_About this task_.
Print the lines below from the line with "New! Blue Fire" to the line with "White Gorgeous Lace" exactly, keeping both ends, and print no pictures.

_Dataset_.
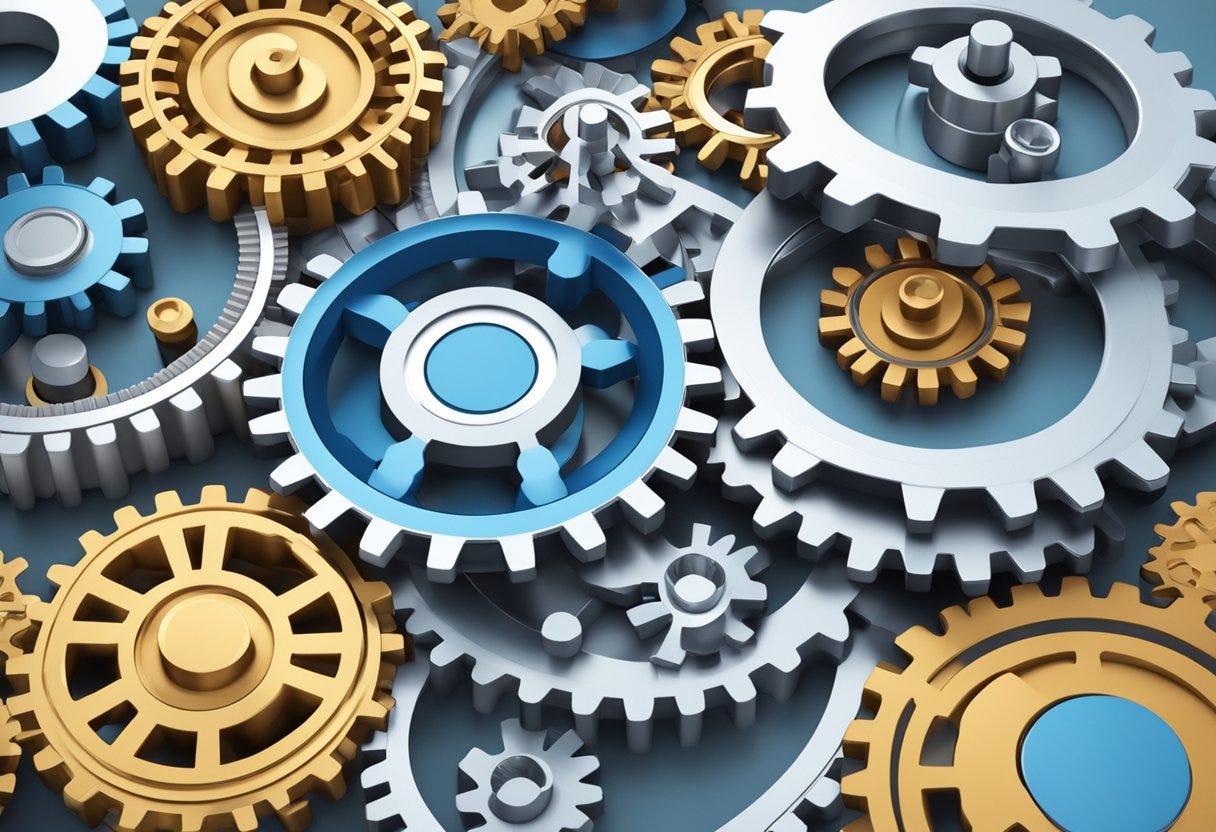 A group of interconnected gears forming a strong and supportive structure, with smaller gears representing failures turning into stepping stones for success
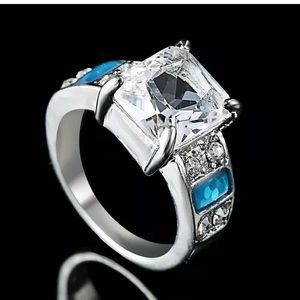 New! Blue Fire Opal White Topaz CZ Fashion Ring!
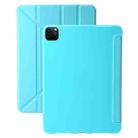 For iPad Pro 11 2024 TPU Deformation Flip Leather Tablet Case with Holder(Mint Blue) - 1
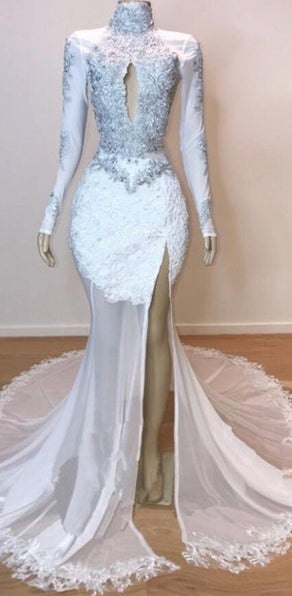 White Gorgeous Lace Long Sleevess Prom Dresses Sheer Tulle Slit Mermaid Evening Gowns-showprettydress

---

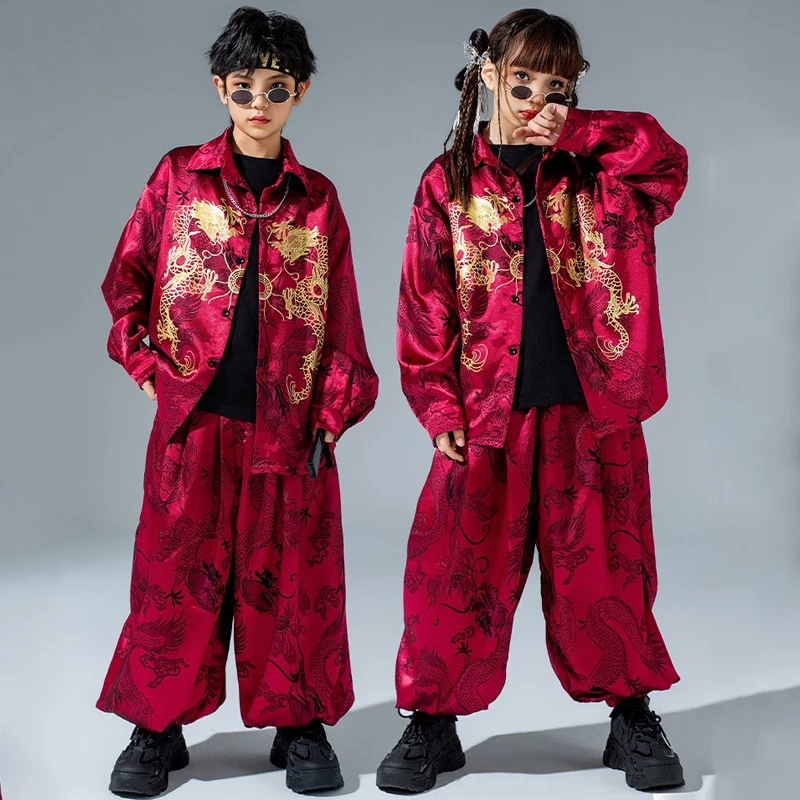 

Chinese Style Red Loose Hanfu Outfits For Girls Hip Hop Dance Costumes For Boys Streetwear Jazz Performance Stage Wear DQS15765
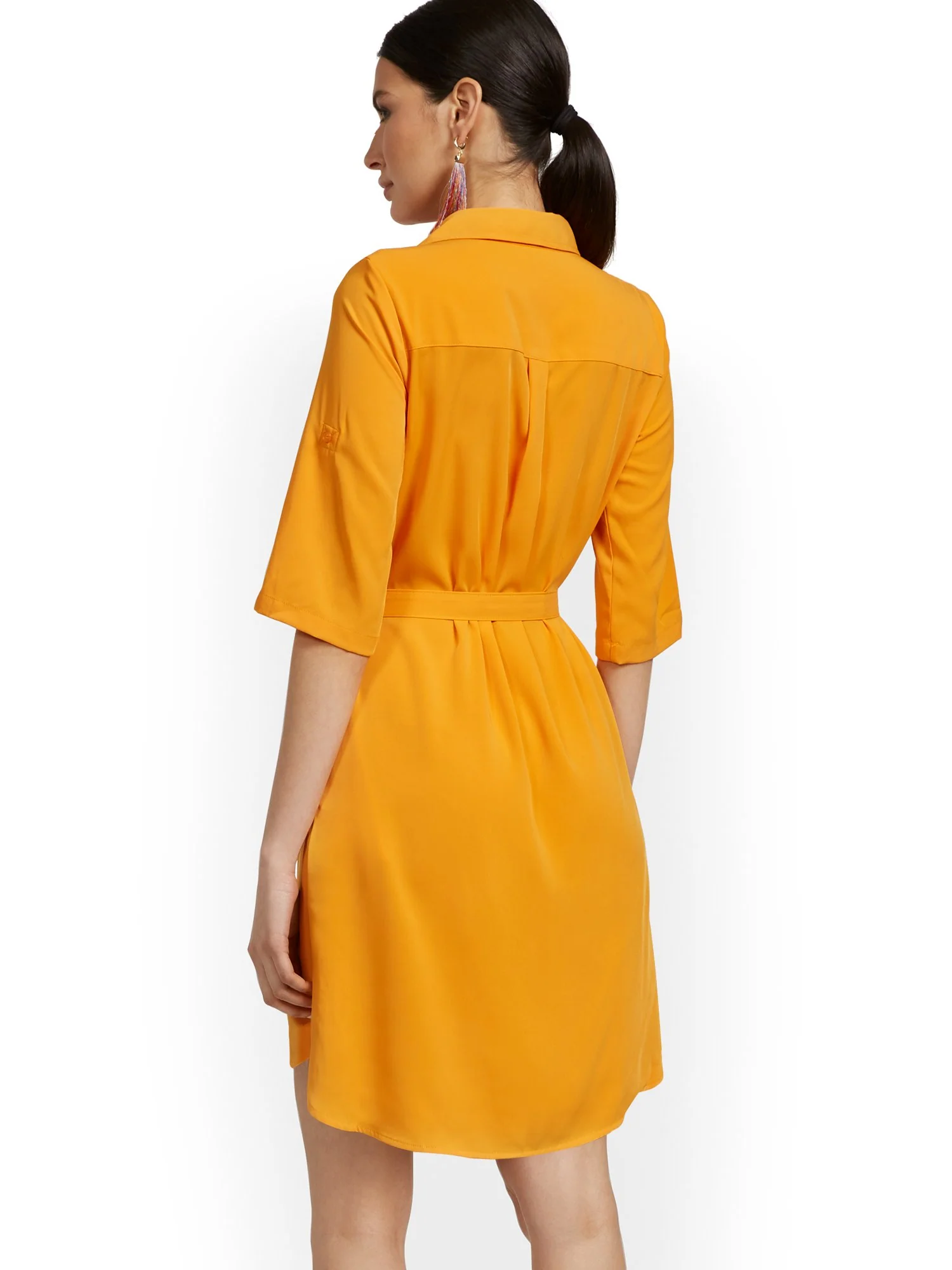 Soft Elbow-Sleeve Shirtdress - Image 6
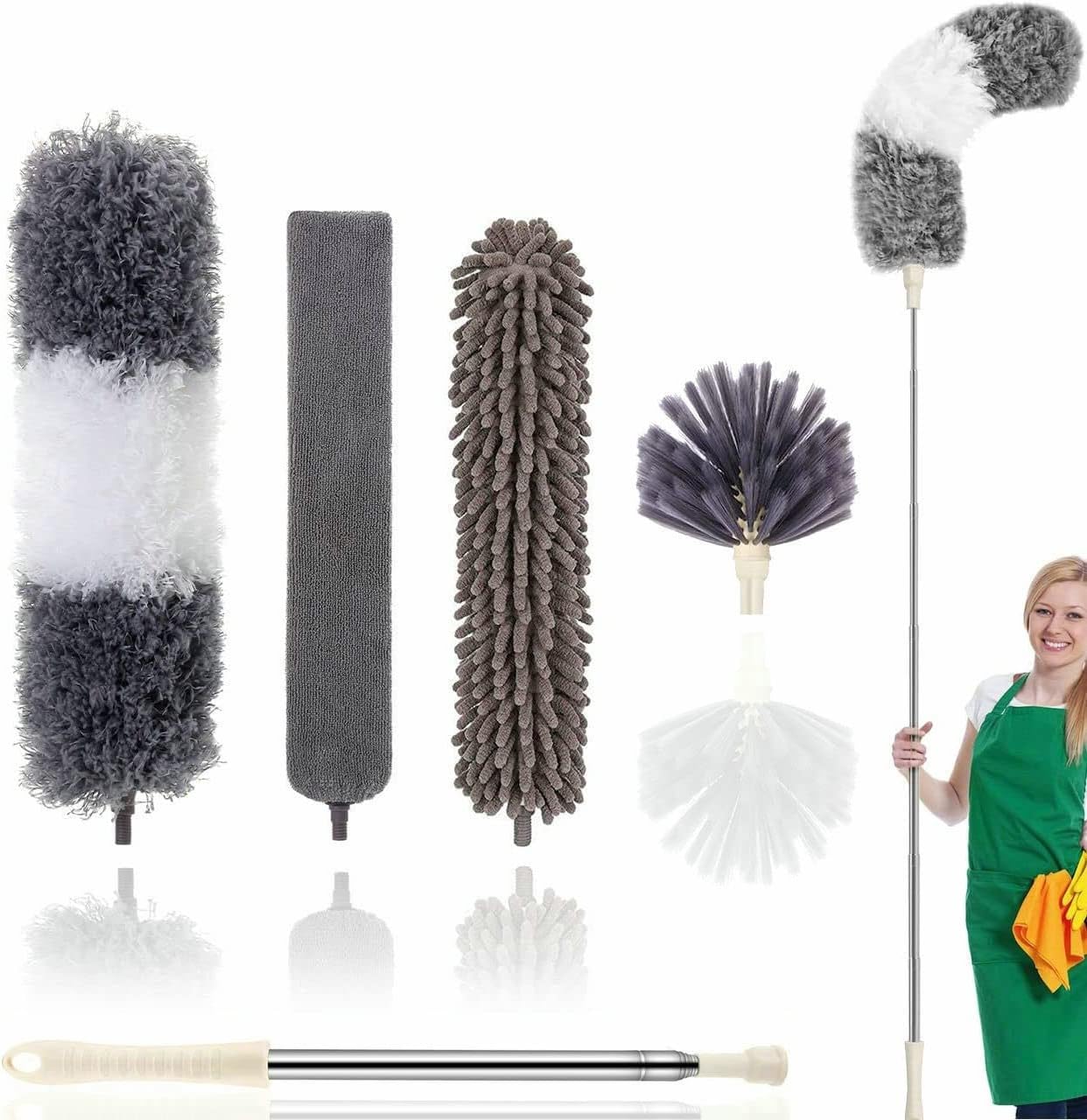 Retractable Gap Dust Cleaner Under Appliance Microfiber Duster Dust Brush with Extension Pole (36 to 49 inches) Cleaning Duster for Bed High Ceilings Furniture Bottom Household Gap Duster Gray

_Reply_.
 New! Blue Fire Opal White Topaz CZ Fashion Ring!
 For iPad Pro 11 2024 TPU Deformation Flip Leather Tablet Case with Holder(Mint Blue) - 1
 White Gorgeous Lace Long Sleevess Prom Dresses Sheer Tulle Slit Mermaid Evening Gowns-showprettydress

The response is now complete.